> **Work order**: All lines at and after the one containing "Open Edit Lace", up to the end of the listing below, are to be printed exactly, with the pictures omitted.

==== Stored data

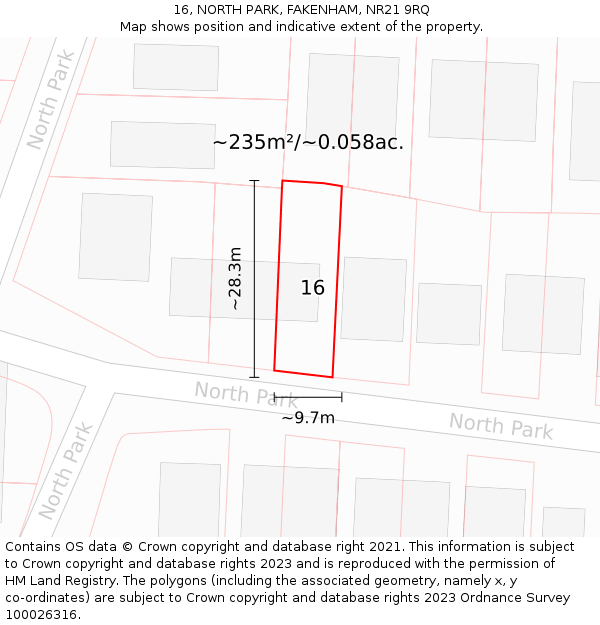 16, NORTH PARK, FAKENHAM, NR21 9RQ: Plot and title map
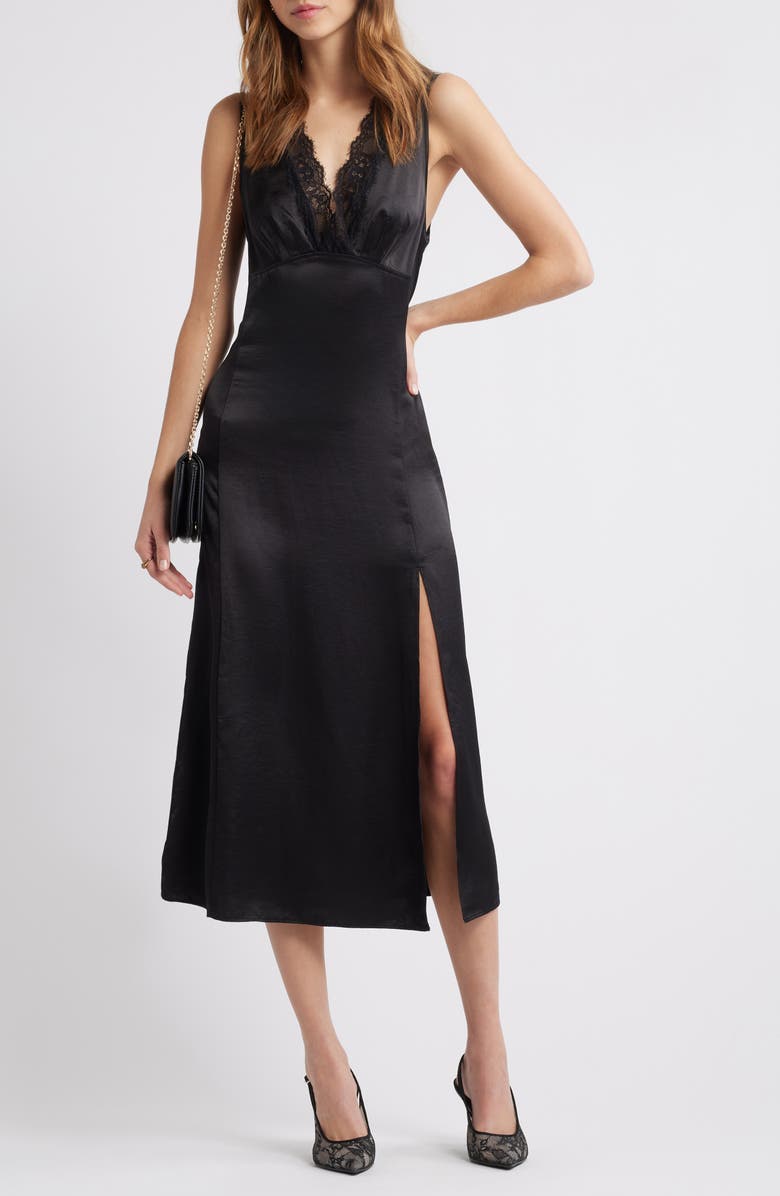 Open Edit Lace Trim Satin Slipdress, Main, color, 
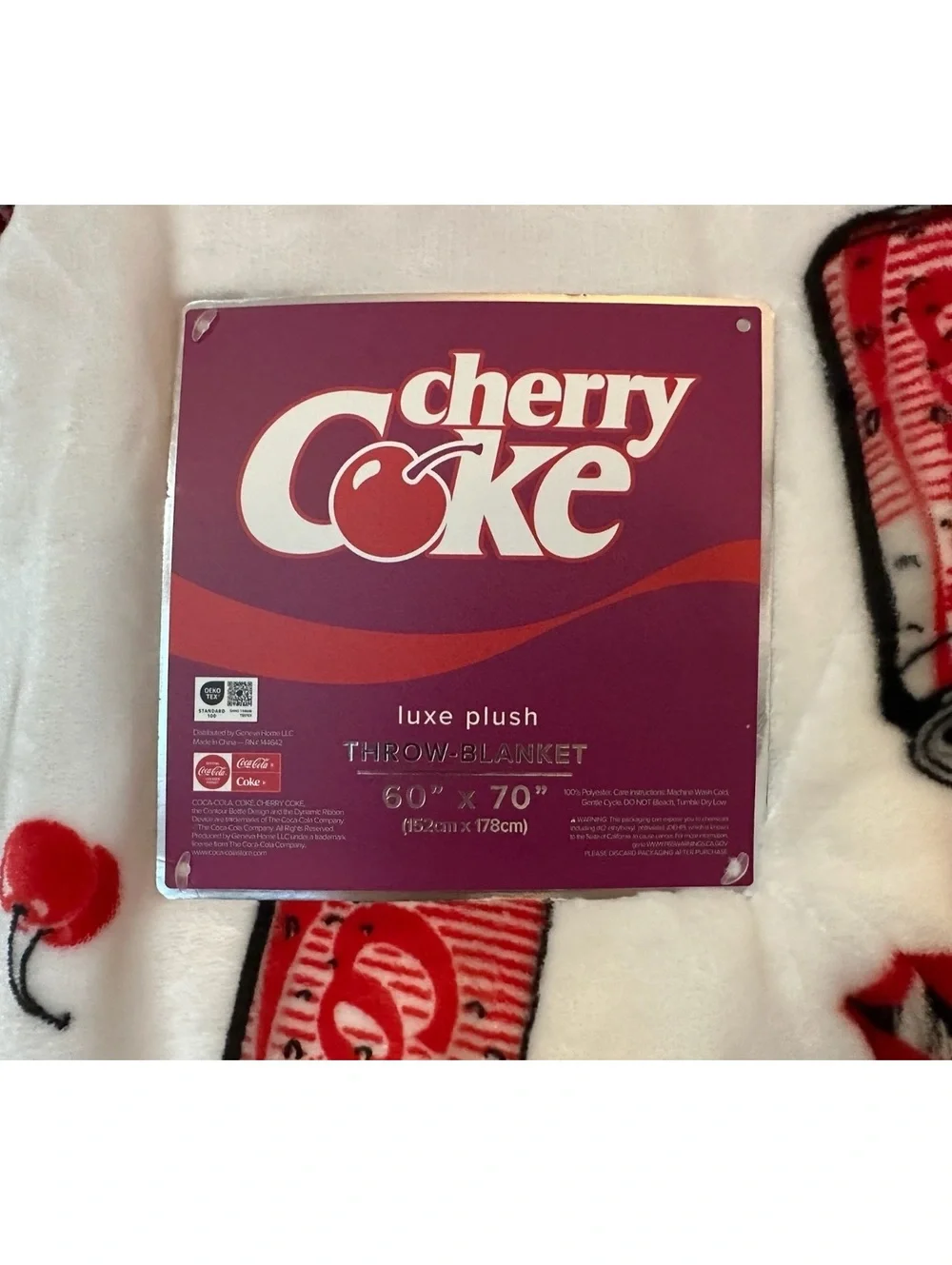 Cherry Coke Luxe Plush Throw Blanket 60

========

> **Solution for this task**:
 Open Edit Lace Trim Satin Slipdress, Main, color, 
 Cherry Coke Luxe Plush Throw Blanket 60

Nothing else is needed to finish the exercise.